84. Trade-Offs in a Microservices Architecture – 97 Things Every Java Programmer Should Know

Chapter 84. Trade-Offs in a Microservices Architecture

Kenny Bastani

Is there an optimal software architecture?  What does it look like? How do we measure “optimal” when it comes to building and operating software? An optimal software architecture is one that has maximal flexibility for change at the lowest possible cost. Here, cost is measured in terms of certain qualities that represent a software architecture’s design and implementation—in addition to the cost of the infrastructure to operate it. The defining trait of a software quality is that it can be tangibly measured and has an impact on other qualities.

For example, if a software architecture requires strong consistency guarantees, there is an impact on qualities like performance and availability. Eric Brewer created the CAP theorem to describe a set of measurable trade-offs where you can only choose two out of three guarantees for running a database: consistency, availability, and partition tolerance. The theorem states that when applications share state across the boundaries of a network, you must choose between consistency or availability, but you cannot have both.

One of the main problems with microservices is that there is no single comprehensive definition. Moreover, microservices are a collection of concepts and ideas that are based on a set of constraints for delivering a services architecture. A microservice, or any piece of software you build, is a history of choices—which will affect your ability to make new choices today.

Microservices may not have a single definition, but they do most commonly have the following characteristics:

  • Independent deployability

  • Organized around business capabilities

  • Database per service

  • One application, one team

  • API-first

  • Continuous delivery

As you go out into the world of software development, you will eventually find that there is no such thing as the right choice. Indeed, most developers or operators might believe there is a best choice, and you may find that they argue strongly in favor of that choice. As you encounter more and more opportunities to make a decision between multiple choices, for instance, which database to use, you’ll eventually come to discover that all available options introduce certain trade-offs. That is, you will usually have to lose something to gain something.

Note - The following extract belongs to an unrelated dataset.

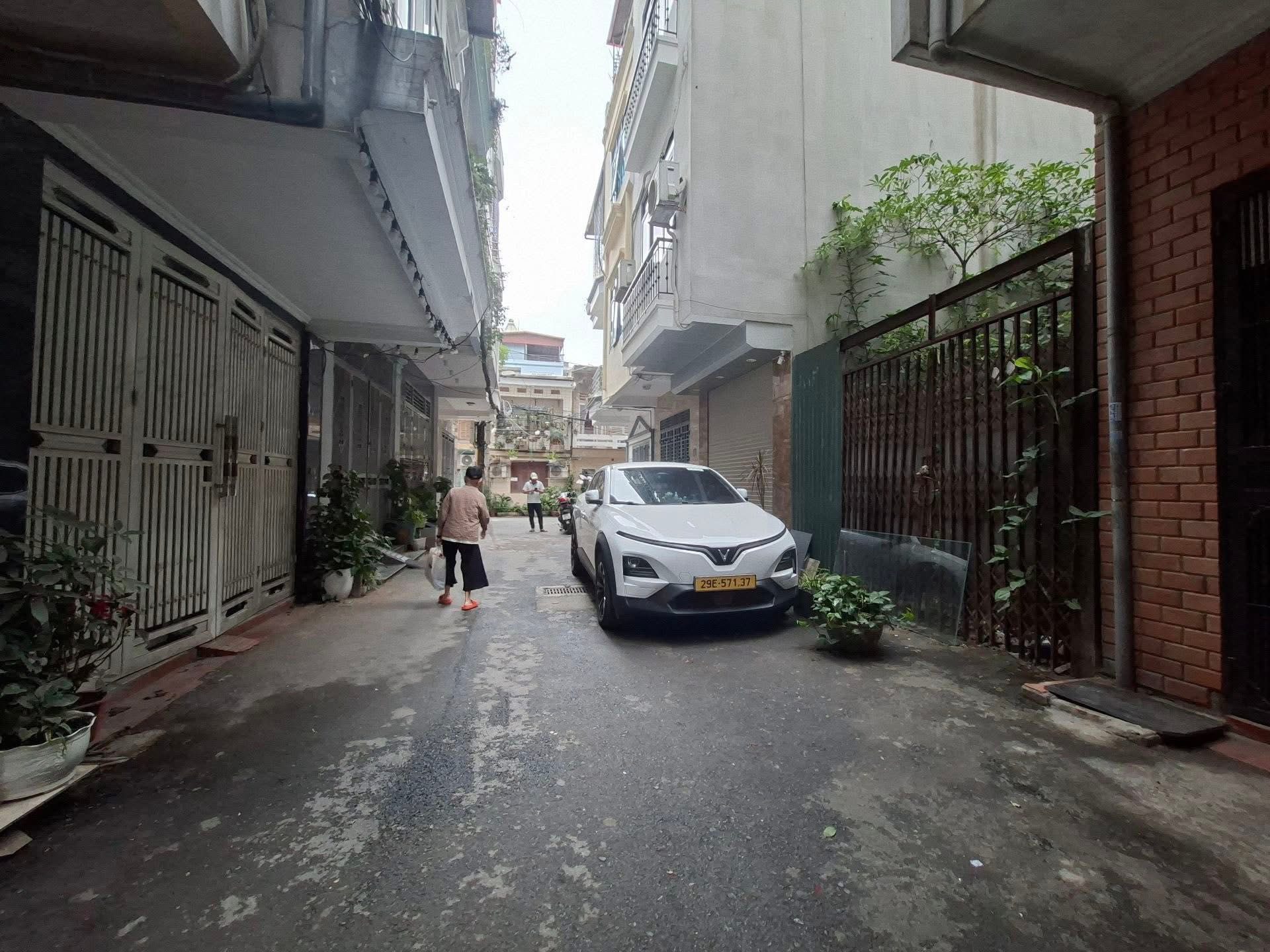 Bán Nhà VƯƠNG THỪA VŨ Nhỉnh 16 tỷ - DT 50m² x 4Tầng, Cách Phố Hoàng Văn Thái Vài Bước Chân.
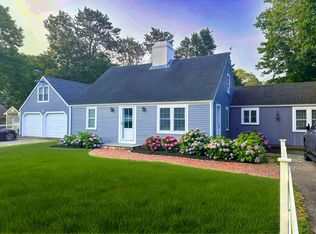75 Pinewood Rd, Hyannis, MA 02601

Here is a short list of trade-offs you might encounter when making a decision to include a dependency for your microservice:

Availability How often is my system available to its users?
Performance What is the overall performance of my system?
Consistency What guarantees does my system provide about consistency?
Speed How fast can I deploy a single line of code change to production?
Composability What percentage of an architecture and codebase can be reused instead of duplicated?
Compute What is the cost of my system’s compute under peak load?
Scalability What is the cost of adding capacity if peak load continues to increase?
Marginality What is the average diminishing marginal return of adding developers to my team?
Partition tolerance If a partition in the network causes an outage or latency, will my application experience or cause a cascading failure?

How does answering one question affect answering the others?

You will find each of these questions often has some kind of relation to the other questions. If you ever find yourself making a tough decision in a software architecture that uses microservices, come back to this list of questions.